Beginning in 1967, while Michael Power's 10th anniversary coincided with the country's 100th birthday, the schools entered an agreement with the Metropolitan Separate School Board (now the Toronto Catholic District School Board), whereby Grade 9 and 10 students would be under the publicly funded separate school system, while grades 11-13 continued to be taught by the Basilian Fathers and the Sisters of St. Joseph.

Into the 1970s, the new classrooms and a gym arrived with the centre portable, south portable and gym C in 1971. Michael Power became a co-educational school (with the girls being admitted into the institution) in 1973, it saw the introduction of the semester system being from nine 1/2 hour classes to four 70 minute classes despite the girls continued to attend St. Joseph's Islington. In terms of athletics, Power dominate nearly every team and individual sport in the TDCAA (and also Ontario) as far as track and field was concerned. The Junior Trojans football team won all ten league and exhibition games on their way to the championship as well as never being scored against in 1975. With a shining success of the union of Michael Power and St. Joseph's High School was the day Father Malone, the principal showed up wearing a blazer made of St. Joseph's Islington kilt plaid in a foreshadowing move. The graduating class of 1978 from Michael Power and St. Joseph's held the graduation ceremony at St. Michael's Cathedral. It was moved to the Etobicoke Olympium (now the ceremonies are held since then at Mississauga Convention Centre).

By then, rumours began to circulate that the Michael Power/St. Joseph's properties were to be sold to a developer and the schools consolidated to Royal York Collegiate Institute (later Etobicoke School of the Arts).

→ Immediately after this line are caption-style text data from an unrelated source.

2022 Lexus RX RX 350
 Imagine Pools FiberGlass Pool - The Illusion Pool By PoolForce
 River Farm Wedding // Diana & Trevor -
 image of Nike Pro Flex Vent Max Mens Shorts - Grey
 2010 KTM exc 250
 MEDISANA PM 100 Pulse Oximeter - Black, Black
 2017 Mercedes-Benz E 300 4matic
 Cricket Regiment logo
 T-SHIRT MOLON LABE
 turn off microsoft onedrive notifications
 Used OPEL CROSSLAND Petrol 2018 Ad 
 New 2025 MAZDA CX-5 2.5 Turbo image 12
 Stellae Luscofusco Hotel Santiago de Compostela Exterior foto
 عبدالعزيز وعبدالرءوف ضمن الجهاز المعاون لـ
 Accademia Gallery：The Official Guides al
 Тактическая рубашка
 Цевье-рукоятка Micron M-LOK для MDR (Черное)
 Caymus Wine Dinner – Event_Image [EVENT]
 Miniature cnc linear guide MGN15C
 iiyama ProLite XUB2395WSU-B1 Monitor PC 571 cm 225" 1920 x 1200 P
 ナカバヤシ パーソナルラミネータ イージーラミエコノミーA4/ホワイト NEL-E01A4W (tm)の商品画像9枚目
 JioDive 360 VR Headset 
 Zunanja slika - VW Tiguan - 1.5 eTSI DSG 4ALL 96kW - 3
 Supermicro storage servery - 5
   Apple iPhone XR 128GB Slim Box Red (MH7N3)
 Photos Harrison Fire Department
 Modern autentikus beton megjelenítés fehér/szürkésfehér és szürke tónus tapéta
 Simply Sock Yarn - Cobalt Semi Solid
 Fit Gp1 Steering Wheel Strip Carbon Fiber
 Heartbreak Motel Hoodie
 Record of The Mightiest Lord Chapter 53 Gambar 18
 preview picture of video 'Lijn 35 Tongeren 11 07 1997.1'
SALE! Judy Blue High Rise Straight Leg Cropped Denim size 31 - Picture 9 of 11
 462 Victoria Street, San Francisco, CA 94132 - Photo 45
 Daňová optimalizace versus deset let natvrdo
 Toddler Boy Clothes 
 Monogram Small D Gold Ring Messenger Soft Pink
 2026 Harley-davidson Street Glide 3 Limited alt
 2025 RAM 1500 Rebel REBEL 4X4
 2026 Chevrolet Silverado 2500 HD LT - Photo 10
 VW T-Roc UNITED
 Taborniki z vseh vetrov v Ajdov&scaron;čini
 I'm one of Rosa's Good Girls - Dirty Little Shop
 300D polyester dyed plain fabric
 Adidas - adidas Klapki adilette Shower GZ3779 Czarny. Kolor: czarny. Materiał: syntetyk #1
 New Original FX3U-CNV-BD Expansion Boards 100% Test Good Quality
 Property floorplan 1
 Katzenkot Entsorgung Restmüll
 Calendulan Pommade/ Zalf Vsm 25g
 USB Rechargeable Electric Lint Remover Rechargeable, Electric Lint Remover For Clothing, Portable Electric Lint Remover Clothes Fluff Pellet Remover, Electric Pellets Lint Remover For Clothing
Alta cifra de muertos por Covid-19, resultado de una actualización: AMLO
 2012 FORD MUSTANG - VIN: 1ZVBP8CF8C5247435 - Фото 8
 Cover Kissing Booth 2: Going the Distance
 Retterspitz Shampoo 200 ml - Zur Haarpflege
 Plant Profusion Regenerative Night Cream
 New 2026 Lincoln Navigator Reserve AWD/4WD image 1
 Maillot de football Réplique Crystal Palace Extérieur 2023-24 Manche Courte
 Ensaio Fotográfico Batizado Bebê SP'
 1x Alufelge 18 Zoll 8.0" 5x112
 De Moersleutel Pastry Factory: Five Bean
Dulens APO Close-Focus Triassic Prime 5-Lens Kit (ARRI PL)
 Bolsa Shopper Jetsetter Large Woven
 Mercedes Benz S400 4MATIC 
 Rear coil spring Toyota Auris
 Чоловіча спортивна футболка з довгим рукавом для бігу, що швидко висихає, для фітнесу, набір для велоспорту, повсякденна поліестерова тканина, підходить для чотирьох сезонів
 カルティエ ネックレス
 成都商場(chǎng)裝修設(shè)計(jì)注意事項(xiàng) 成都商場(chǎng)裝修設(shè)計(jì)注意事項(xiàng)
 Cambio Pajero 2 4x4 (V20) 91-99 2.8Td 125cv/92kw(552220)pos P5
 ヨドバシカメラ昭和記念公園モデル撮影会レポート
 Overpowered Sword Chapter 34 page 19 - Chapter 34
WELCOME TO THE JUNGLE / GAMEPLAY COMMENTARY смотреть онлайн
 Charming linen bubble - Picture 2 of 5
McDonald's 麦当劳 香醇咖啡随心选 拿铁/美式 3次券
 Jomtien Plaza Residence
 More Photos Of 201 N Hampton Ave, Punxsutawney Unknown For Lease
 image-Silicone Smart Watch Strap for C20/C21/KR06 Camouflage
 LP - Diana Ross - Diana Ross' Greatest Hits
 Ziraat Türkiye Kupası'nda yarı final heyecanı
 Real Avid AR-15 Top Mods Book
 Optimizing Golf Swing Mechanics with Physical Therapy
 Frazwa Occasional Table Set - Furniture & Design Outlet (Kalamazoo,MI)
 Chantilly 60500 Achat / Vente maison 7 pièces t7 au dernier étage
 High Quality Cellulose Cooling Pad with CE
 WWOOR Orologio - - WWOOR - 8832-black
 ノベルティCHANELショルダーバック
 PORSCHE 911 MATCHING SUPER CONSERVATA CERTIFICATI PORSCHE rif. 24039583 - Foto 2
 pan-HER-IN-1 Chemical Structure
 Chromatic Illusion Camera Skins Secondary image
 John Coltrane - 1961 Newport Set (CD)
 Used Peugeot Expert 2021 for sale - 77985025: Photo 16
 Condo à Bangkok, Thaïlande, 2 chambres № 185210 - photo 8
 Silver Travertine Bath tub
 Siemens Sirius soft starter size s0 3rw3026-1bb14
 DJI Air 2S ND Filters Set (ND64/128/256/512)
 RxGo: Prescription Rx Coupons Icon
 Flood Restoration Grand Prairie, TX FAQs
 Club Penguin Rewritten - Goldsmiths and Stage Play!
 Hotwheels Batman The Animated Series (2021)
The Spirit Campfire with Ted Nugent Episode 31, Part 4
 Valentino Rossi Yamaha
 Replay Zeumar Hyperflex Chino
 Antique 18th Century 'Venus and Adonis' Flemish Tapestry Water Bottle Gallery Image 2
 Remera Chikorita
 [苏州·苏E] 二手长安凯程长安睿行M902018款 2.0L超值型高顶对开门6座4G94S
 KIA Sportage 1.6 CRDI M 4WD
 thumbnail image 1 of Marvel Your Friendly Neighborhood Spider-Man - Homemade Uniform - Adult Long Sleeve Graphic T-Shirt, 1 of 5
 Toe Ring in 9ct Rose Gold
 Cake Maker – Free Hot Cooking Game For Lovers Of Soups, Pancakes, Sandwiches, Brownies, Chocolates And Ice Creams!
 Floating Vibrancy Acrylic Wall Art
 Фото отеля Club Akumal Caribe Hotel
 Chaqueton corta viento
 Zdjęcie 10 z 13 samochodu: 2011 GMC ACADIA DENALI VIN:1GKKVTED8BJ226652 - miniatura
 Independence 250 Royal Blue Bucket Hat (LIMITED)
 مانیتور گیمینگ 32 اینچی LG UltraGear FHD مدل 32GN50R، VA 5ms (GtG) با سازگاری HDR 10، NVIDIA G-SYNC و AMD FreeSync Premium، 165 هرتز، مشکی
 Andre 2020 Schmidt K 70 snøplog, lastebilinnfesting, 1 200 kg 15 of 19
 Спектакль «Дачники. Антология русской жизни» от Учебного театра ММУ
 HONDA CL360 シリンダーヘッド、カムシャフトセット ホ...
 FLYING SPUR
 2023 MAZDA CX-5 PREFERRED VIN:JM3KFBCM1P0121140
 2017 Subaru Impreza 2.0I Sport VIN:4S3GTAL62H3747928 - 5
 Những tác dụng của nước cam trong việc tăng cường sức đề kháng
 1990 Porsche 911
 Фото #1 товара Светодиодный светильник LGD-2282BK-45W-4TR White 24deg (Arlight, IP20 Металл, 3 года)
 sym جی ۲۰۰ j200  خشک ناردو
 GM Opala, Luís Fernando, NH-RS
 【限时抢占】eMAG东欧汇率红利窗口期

The two schools were officially unified under one name - Michael Power • St. Joseph in September 1982 on the same Bloor-Dundas complex. The designated principal was a Basilian Father while the vice-principal was a Sister of St. Joseph.  By 1984, however, the Ontario Government began funding Catholic high schools beyond Grade 10. As the Basilian Fathers continued to lead Michael Power/St. Joseph until the retirement of Fr. Paul James and the withdrawal of the Basilian Fathers and the Sisters of St. Joseph in 1987, Michael Power-St. Joseph was ceased as a private school, although it maintained the tradition characterized the coexistence of these two separate school communities throughout the 1960s and 1970s. The operations, curriculum, funding, and maintenance of Michael Power • St. Joseph was passed on to the MSSB.

As a result of overcrowding at the main campus during the 1980s, the south campus of Michael Power/St. Joseph with 17 staff and 300 students under vice-principal Jack Smith was established on the former Alderwood Collegiate Institute in spring 1985 with the Basilian tradition: "Teach me goodness, discipline, and knowledge". The campus itself became a standalone high school and was named after Father John Redmond, a former principal and teacher at Michael Power/St. Joseph as well as a Basilian priest, educator and prominent national track and field coach: Father John Redmond Catholic Secondary School was established on September 2, 1986.

In September 1993, the school moved to its present location on 105 Eringate Drive, the former home of Vincent Massey Collegiate Institute, which was closed in 1985 by the Etobicoke Board of Education due to low enrollment and the property was transferred to the MSSB by July 1, 1990. However, that site was served as an adult learning centre and the campus for Mississauga's Philip Pocock Catholic Secondary School for grades 11-13 from 1987 to 1992. Eventually, the area served by MPSJ was filled the void by the opening of Bishop Allen Academy in 1989, in which the school was named after the former pastor of Our Lady of Sorrows.

At one point, the old buildings on Dundas and Bloor served as the new campus for Monsignor Fraser College from 1994 until it moved to Thistletown Blvd (later Plunkett Blvd. and now on Norfinch Drive) when the schools were demolished in the late 1990s and was sold to the condo developer, Pemberton Group to make way for the condos that were built on the old campuses in 2003 and a park built as well.

Overview

Michael Power • St. Joseph focuses on academics, athletics, arts, leadership, extracurricular activities, technology and community service. The features of former Massey site built in 12 acres of land include, 3 gymnasiums that can be partitioned into smaller gyms, a weight room, a large forum, newly renovated auditorium, 45+ classrooms, a sports field, a 400m track, a courtyard, music rooms, art rooms, computer labs, and a library. There are six portable facilities housed Michael Power/St. Joseph Massey campus.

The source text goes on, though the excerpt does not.